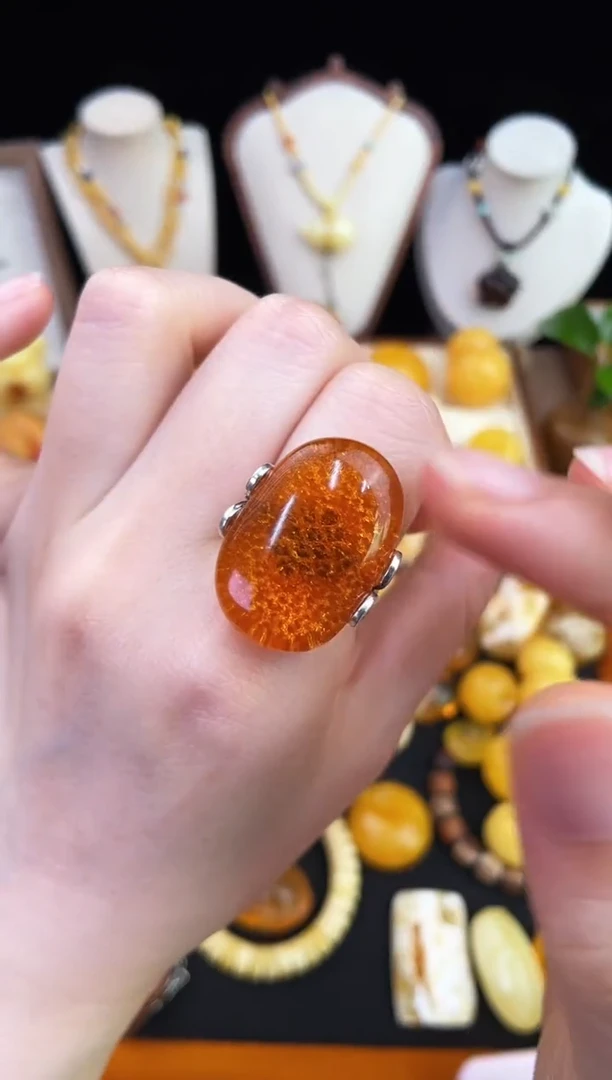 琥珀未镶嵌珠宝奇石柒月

* * *

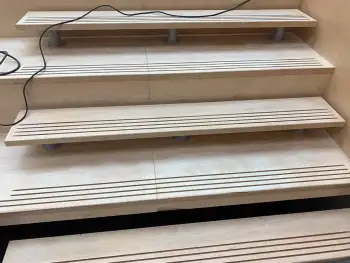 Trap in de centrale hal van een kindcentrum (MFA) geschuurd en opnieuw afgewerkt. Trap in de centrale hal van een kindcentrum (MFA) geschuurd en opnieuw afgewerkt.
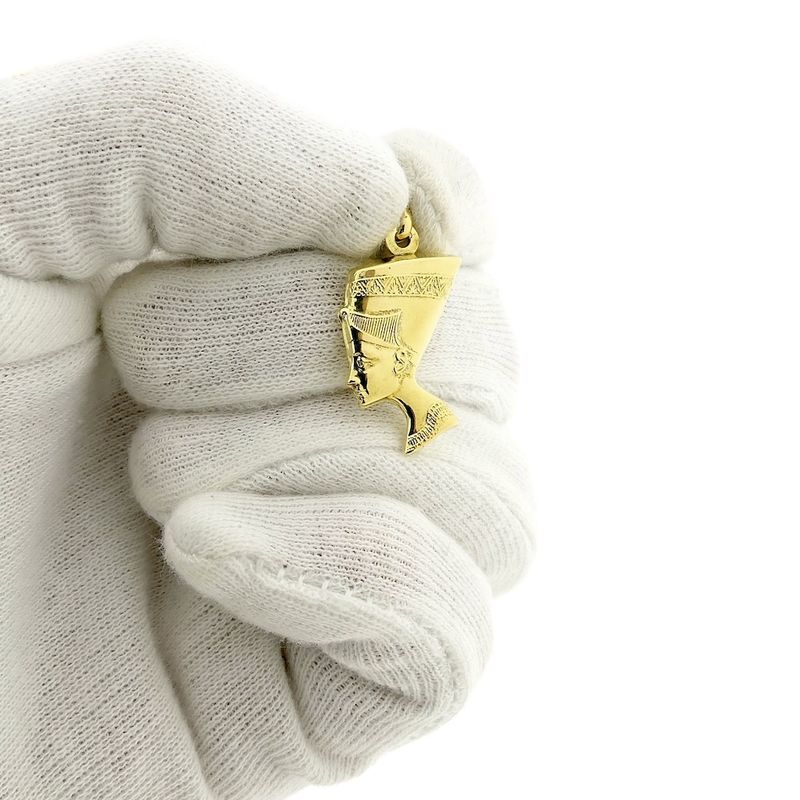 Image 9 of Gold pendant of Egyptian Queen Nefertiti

--

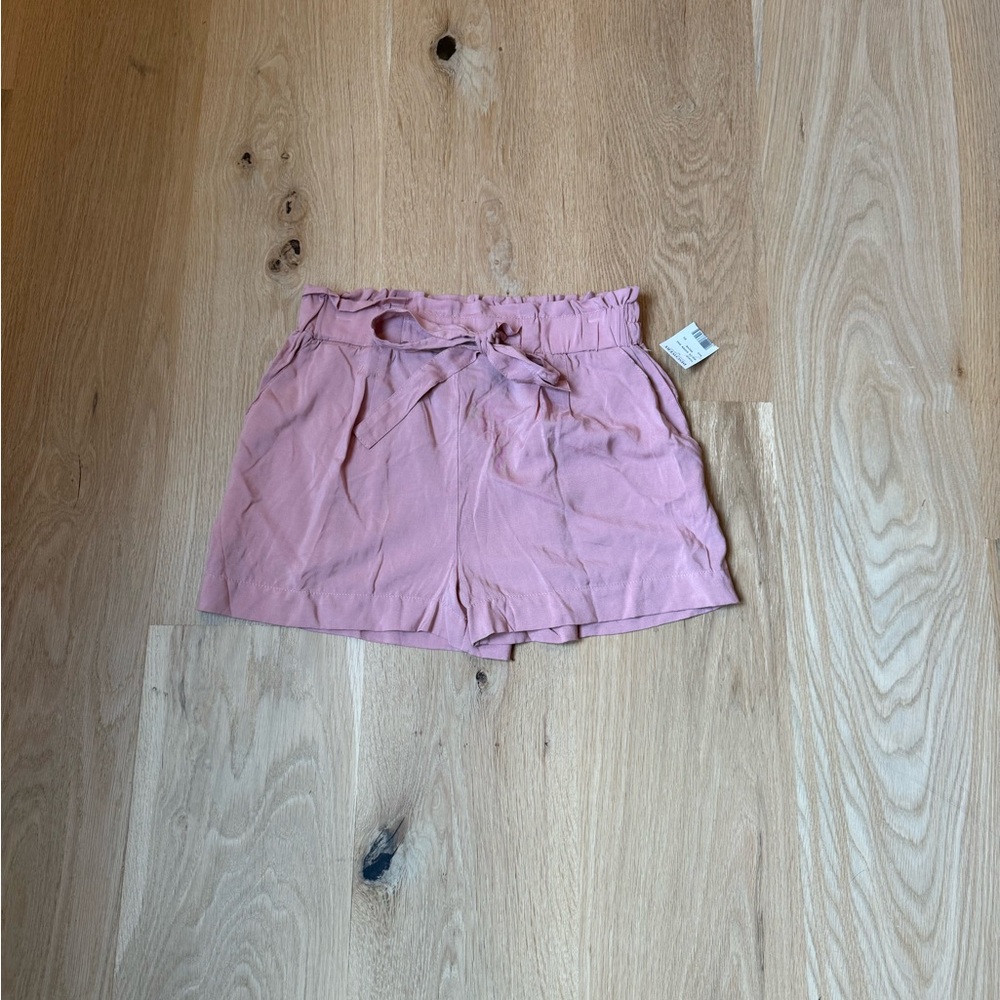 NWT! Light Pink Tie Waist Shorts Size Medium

#### PROBLEM REQUIREMENTS
Look above for the line with "opnieuw afgewerkt. Trap", then give again exactly every line from there through the line with "Image 9 of Gold", skipping the pictures.

#### TASK OUTPUT
 Trap in de centrale hal van een kindcentrum (MFA) geschuurd en opnieuw afgewerkt. Trap in de centrale hal van een kindcentrum (MFA) geschuurd en opnieuw afgewerkt.
 Image 9 of Gold pendant of Egyptian Queen Nefertiti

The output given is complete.